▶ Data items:
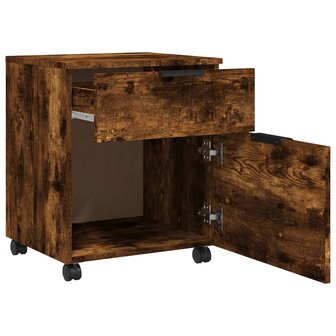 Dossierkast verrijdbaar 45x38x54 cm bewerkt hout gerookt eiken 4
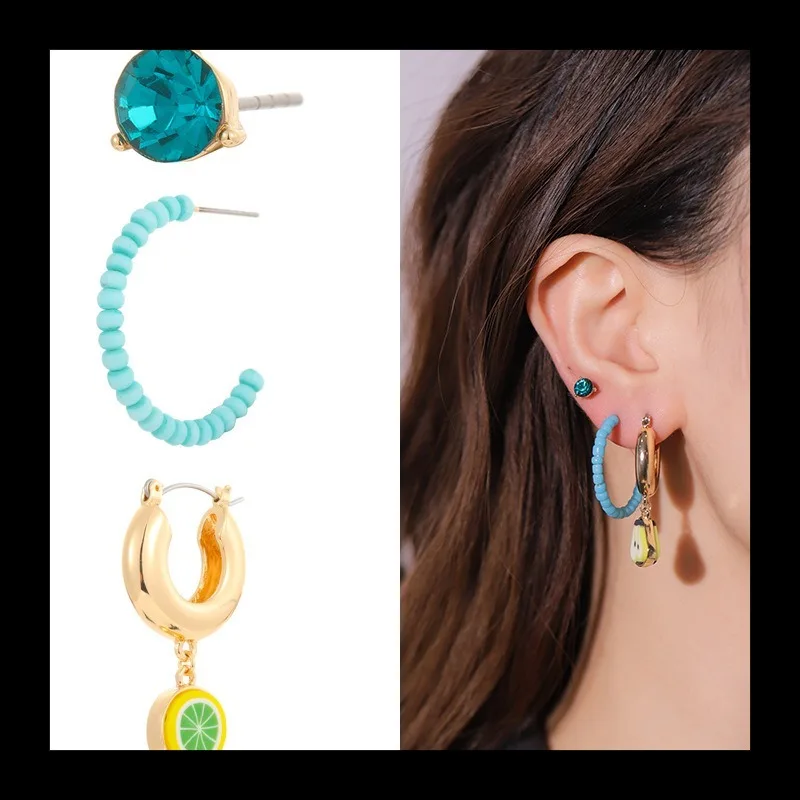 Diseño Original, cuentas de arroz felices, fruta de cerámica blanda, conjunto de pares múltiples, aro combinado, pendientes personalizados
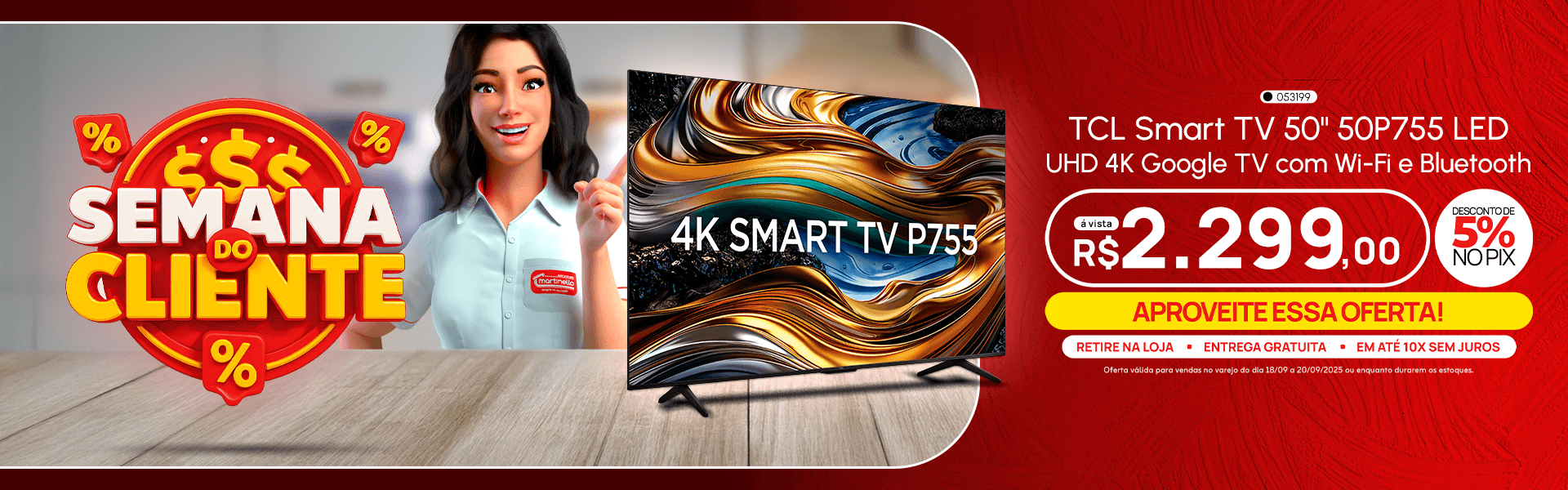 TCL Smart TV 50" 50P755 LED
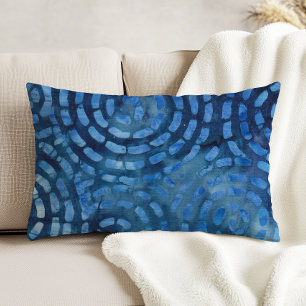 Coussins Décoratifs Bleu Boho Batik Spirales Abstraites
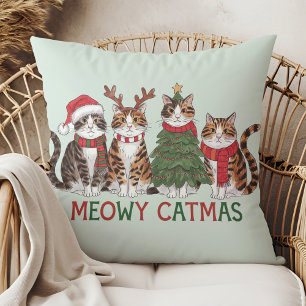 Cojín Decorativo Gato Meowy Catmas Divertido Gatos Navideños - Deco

▶ Action item: Although the records above include pictures, the copy must contain only their exact text.

▶ Output:
 Dossierkast verrijdbaar 45x38x54 cm bewerkt hout gerookt eiken 4
 Diseño Original, cuentas de arroz felices, fruta de cerámica blanda, conjunto de pares múltiples, aro combinado, pendientes personalizados
 TCL Smart TV 50" 50P755 LED
 Coussins Décoratifs Bleu Boho Batik Spirales Abstraites
 Cojín Decorativo Gato Meowy Catmas Divertido Gatos Navideños - Deco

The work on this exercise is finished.